Go to the line holding "Osnabrueck Osnabrueck Schule" in the entries below and write out exactly every line down to and including the line holding "Fábrica OEM 12S".
---
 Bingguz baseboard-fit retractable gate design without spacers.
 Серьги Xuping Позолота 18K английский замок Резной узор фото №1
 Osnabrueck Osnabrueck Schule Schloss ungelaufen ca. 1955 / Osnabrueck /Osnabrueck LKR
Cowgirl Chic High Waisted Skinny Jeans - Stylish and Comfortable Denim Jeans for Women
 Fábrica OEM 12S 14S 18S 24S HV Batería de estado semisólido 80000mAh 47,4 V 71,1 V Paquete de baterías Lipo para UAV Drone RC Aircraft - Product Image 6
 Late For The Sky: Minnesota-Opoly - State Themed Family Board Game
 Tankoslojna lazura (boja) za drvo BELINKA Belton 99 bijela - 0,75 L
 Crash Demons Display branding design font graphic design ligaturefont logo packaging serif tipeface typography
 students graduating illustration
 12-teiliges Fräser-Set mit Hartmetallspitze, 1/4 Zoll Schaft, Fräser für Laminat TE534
---
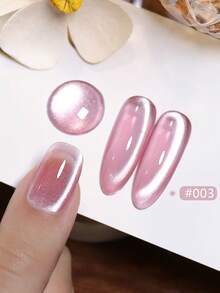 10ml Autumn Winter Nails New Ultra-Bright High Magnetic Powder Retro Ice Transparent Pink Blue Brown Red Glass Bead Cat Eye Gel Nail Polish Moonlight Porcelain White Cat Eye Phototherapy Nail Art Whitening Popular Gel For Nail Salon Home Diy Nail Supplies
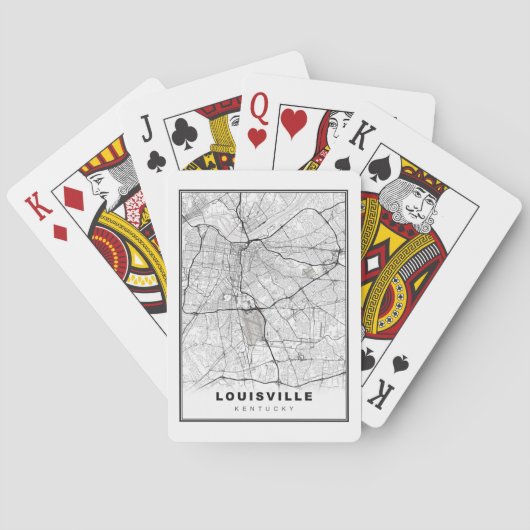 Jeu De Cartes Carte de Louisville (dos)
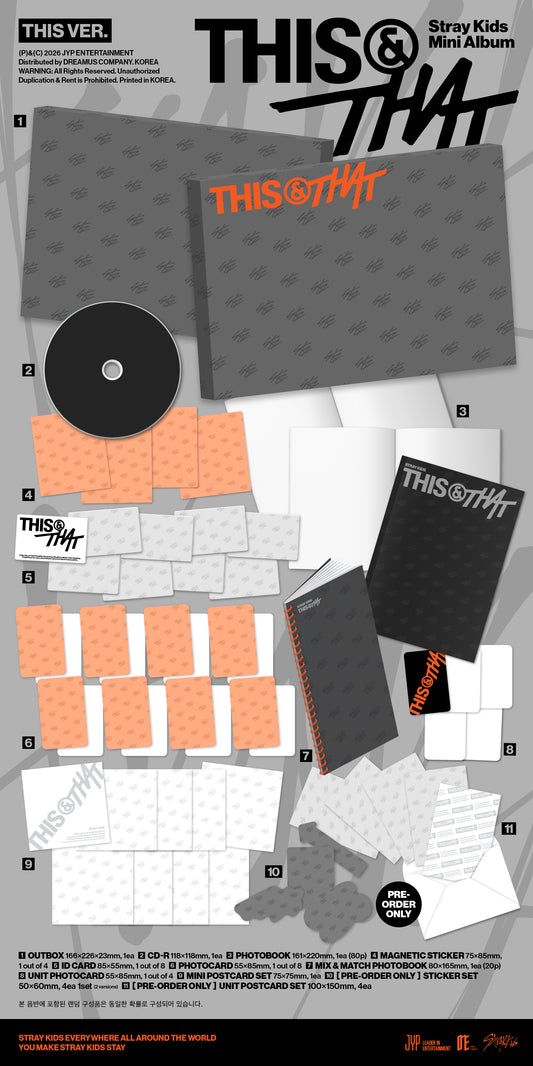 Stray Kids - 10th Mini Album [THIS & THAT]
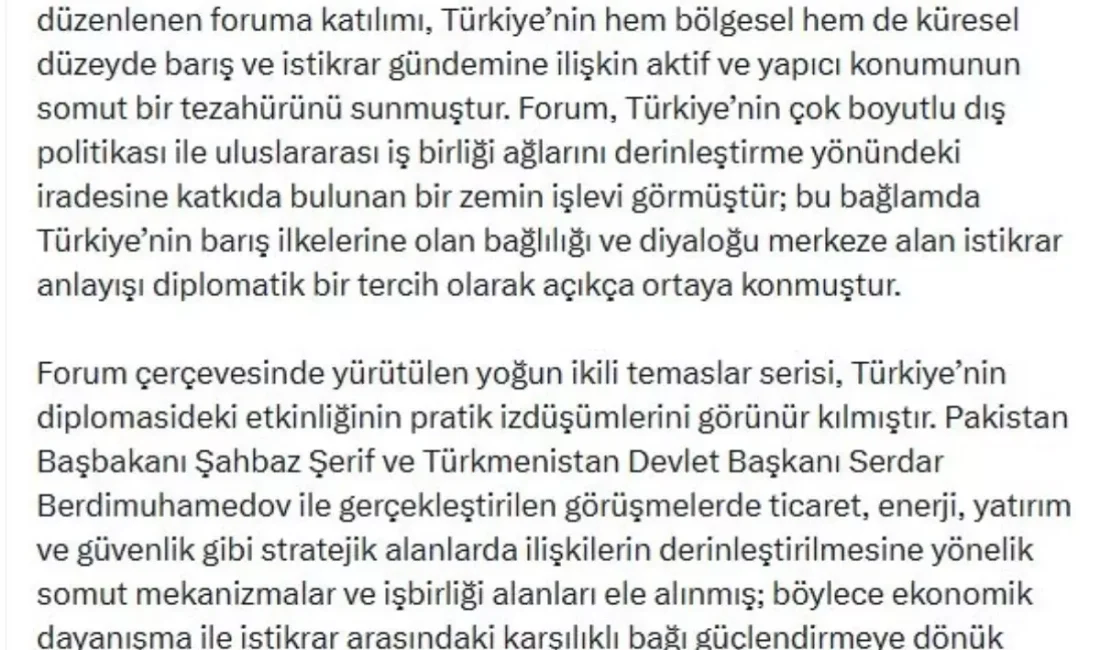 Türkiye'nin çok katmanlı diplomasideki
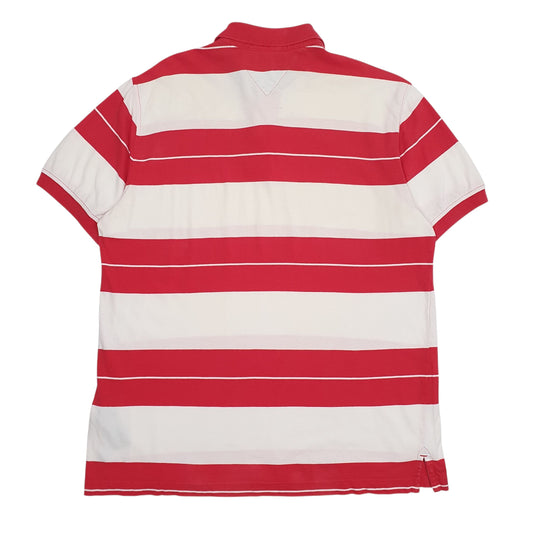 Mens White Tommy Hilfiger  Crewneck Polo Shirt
---
- **Answer to the exercise**:
 Osnabrueck Osnabrueck Schule Schloss ungelaufen ca. 1955 / Osnabrueck /Osnabrueck LKR
Cowgirl Chic High Waisted Skinny Jeans - Stylish and Comfortable Denim Jeans for Women
 Fábrica OEM 12S 14S 18S 24S HV Batería de estado semisólido 80000mAh 47,4 V 71,1 V Paquete de baterías Lipo para UAV Drone RC Aircraft - Product Image 6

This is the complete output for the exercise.